Since 2007 the ERSG was reformed and integrated into Election Working Group or (EWG), which is part of the "Governance Sector Group", one of the four Strategy Groups under the aid coordination structure in Palestine. Role of the secretariat is assumed by the Local Aid Coordination Secretariat (LACS).

== Formation ==

ERSG was formed as an outgrowth of the UN Task Force on Palestine. The UN task force consists of the Quartet (U.S., EU, Russia and the UN Secretary General), Norway, Japan, the World Bank, and the International Monetary Fund and first met July 10, 2002. This task force was responsible for forming support groups for several areas of reform including Civil Society, Elections, Financial Accountability, Judicial Reform, Local Government, Market Economics, and Ministerial and Civil Service Reform. These groups were a reaction to the declining humanitarian situation in the Palestinian. Once the Elections Reform Support Group was organized, the task force was advised in election activities by Ambassador Jean Breteche of the EU, who would later become the Secretariat of ERSG. Secretarial role was in 2005 assumed by IFES.

== Activities ==
The ESRG was supported by the entire task force and coordinated funding for elections programs from USAID, the EU, European countries and Japan.
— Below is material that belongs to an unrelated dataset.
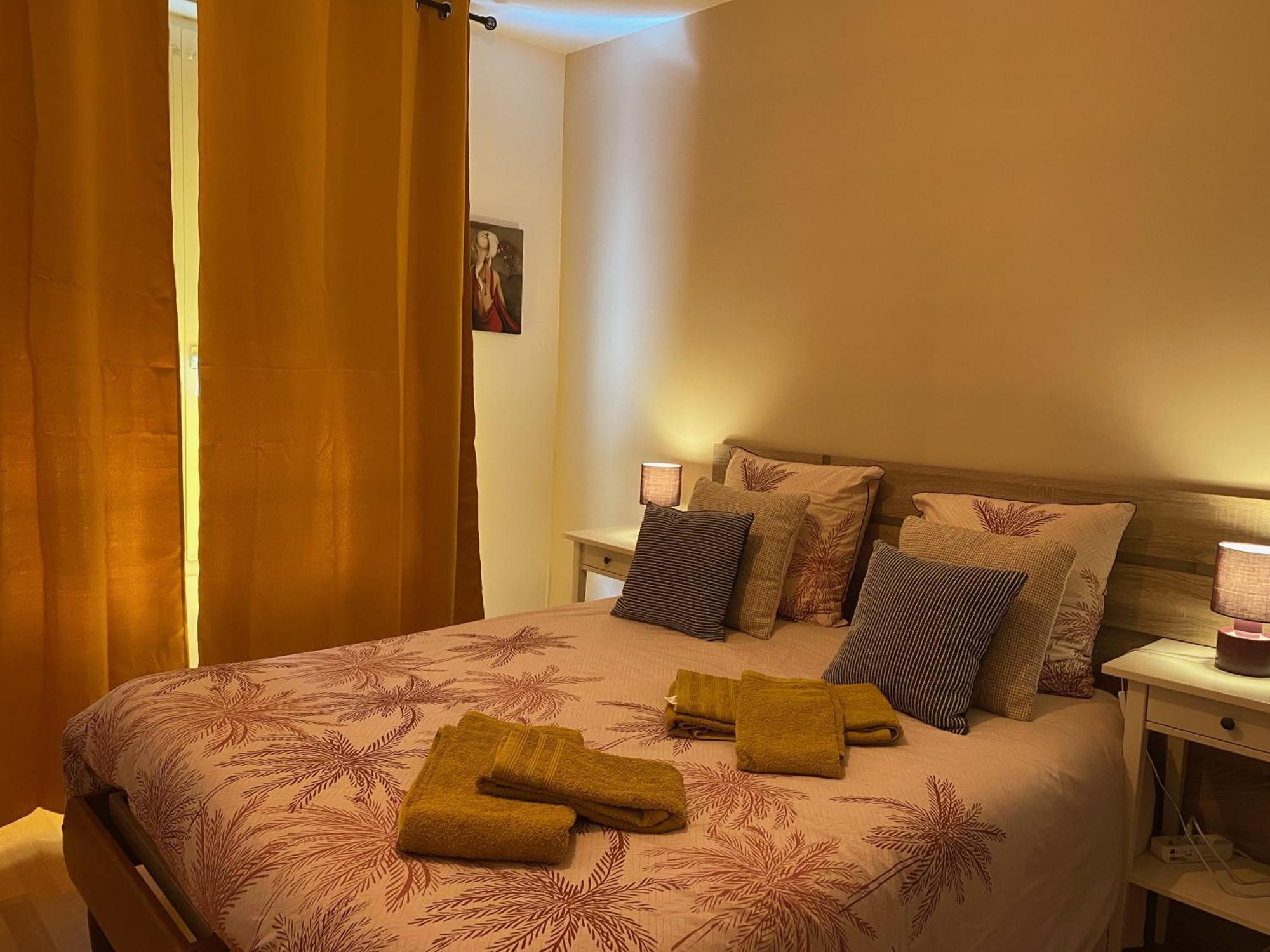 קלרמונט-פרנד Parking Prive Gratuit, Balcon, 2 Chambres מראה חיצוני תמונה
The ERSG worked with the Palestinian Legislative Council to develop and implement a project to draft election law, supported formation of independent Palestinian Elections Commission and its development into a single, independent, authoritative election management body of the Palestinian Authority.

As part of this support the European Union provided five elections experts and 10 million Euros to support the project, UNDP/PAPP provided two experts, Japan contributed 1 million dollars, Canada contributed 1.2 million Canadian dollars and an expert, Norway contributed 1 million dollars and Denmark provided 300,000 dollars.